Сталин тоже передвигал ногами и руками. «А я сидел сиднем, – вспоминал Хрущев. – Не потому, что не хотел, настроение было хорошее, а просто не умел передвигать ногами, а то пошел бы в пляс». Появлялась Светлана, отец и ее заставлял плясать. Если отказывалась, мог грубо потащить в круг: «Танцуй!»
Когда затевался такой общий хоровод и общее пение, Хрущев, как говорится, не портил компанию, а вот на требование Берия выпить лишнего или запеть соло – отнекивался. «Я отказывался, а Сталин поглядывал на меня и на Берия, ждал, чем все это кончится, – говорил Хрущев. – Берия видел, что я не сдамся, и отставал от меня, чувствовал, что Сталину нравится мое упрямство…»
По логике тогдашней жизни у Берия был единственный шанс уцелеть – пережить вождя. Проживи Сталин дольше, он непременно уничтожил бы Берия. Как поступил уже с Ягодой и Ежовым. Близился час, когда Берия должен был стать козлом отпущения. И все, что сотворил Сталин с собственным народом и партией, пало бы на голову его первого подручного – тамады-прокурора.
Бериевский особняк находился на углу Садово-Триумфальной и улицы Качалова, неподалеку от высотного здания на площади Восстания.
Собственно, на Садовое кольцо и на улицу Качалова выходит высокий каменный забор, из-за которого даже не видно приземистого дома. Проходя мимо забора, москвичи прибавляли шаг и помалкивали. В те времена каждого провожал тяжелый взгляд наружных охранников.
Однажды, в 47-м году, я был там на помолвке сына Берия – Серго. Он женился на красавице Марфе Пешковой, внучке Алексея Максимовича Горького. И Марфа, и жених держали себя за столом сдержанно, да и гости не слишком веселились. Пожалуй, только Дарья Пешкова, младшая сестра Марфы, студентка театрального училища имени Щукина, чувствовала себя раскованно.

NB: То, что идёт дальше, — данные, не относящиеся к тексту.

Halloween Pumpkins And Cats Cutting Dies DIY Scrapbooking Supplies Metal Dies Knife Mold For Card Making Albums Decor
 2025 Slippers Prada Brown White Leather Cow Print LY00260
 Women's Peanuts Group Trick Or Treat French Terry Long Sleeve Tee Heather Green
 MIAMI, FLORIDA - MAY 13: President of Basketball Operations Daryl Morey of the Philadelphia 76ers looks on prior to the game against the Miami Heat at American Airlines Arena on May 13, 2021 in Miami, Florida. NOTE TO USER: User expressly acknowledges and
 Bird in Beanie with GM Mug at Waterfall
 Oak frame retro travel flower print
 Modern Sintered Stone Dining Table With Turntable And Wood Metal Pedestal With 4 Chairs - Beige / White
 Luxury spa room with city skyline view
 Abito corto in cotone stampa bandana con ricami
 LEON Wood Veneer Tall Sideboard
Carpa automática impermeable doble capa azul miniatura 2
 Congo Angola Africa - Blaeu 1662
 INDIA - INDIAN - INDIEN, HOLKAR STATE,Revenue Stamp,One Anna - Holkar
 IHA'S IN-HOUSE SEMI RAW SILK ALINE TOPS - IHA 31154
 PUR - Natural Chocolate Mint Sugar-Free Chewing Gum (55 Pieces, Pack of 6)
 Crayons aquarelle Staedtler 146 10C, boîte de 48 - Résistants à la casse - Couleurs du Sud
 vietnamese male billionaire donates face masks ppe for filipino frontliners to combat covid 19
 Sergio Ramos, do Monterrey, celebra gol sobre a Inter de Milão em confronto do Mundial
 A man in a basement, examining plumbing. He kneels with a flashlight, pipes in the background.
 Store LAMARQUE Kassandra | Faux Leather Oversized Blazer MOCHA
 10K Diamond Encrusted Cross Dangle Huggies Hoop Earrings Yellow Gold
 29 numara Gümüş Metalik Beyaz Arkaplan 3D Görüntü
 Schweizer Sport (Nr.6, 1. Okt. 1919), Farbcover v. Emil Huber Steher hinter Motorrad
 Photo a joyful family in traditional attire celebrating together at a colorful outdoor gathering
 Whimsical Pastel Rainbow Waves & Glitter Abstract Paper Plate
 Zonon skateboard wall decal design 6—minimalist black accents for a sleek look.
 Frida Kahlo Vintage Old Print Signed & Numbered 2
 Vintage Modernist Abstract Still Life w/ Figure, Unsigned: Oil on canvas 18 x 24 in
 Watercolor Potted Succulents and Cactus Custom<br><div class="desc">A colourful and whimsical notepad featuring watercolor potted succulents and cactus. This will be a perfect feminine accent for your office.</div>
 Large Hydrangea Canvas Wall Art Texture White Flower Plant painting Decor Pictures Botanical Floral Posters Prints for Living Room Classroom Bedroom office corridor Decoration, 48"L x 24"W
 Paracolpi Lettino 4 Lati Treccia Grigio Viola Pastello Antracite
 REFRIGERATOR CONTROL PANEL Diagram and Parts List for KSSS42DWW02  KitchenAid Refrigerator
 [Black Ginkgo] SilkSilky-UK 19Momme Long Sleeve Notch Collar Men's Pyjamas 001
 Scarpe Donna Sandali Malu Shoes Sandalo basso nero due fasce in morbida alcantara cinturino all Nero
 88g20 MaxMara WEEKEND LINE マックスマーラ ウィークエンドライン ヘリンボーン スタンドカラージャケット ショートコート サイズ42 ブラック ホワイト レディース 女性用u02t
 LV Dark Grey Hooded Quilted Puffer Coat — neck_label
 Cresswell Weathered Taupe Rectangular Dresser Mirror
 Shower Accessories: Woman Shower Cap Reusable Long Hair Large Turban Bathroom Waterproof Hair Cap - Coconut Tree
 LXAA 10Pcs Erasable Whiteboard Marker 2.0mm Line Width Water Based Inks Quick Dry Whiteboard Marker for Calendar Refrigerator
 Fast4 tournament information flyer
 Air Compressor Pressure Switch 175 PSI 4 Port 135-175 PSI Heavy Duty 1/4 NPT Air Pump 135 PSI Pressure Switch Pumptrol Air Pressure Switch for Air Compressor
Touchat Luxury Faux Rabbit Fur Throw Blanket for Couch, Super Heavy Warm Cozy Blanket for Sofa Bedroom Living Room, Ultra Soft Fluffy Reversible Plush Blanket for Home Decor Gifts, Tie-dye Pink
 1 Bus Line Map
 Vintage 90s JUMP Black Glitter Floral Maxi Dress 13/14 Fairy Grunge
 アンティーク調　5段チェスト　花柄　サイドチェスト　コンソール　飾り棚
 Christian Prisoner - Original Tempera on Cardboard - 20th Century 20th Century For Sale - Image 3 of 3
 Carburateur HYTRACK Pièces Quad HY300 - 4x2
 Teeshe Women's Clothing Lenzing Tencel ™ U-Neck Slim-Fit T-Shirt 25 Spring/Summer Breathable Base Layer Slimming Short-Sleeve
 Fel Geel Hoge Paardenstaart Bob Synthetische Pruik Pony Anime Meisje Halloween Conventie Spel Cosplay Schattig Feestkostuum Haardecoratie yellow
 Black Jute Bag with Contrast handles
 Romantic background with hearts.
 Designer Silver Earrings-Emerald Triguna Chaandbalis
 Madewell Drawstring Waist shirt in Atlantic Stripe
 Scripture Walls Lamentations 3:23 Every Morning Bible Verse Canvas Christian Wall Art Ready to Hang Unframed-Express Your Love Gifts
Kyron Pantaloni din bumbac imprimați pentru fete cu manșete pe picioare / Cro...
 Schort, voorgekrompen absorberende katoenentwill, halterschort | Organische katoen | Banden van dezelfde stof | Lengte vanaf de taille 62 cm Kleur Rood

Чуть позже в этом же доме поселилась любовница Берия – семнадцатилетняя Л., родившая ему дочь. Нина Теймуразовна терпела ее присутствие: видимо, иного выхода не было. Рассказывали, что мать Л. устроила Берия скандал, отхлестала его по щекам, а он стерпел. Не знаю, было ли так на самом деле, однако девица чувствовала себя в особняке прекрасно, и мама, видимо, тоже смирилась.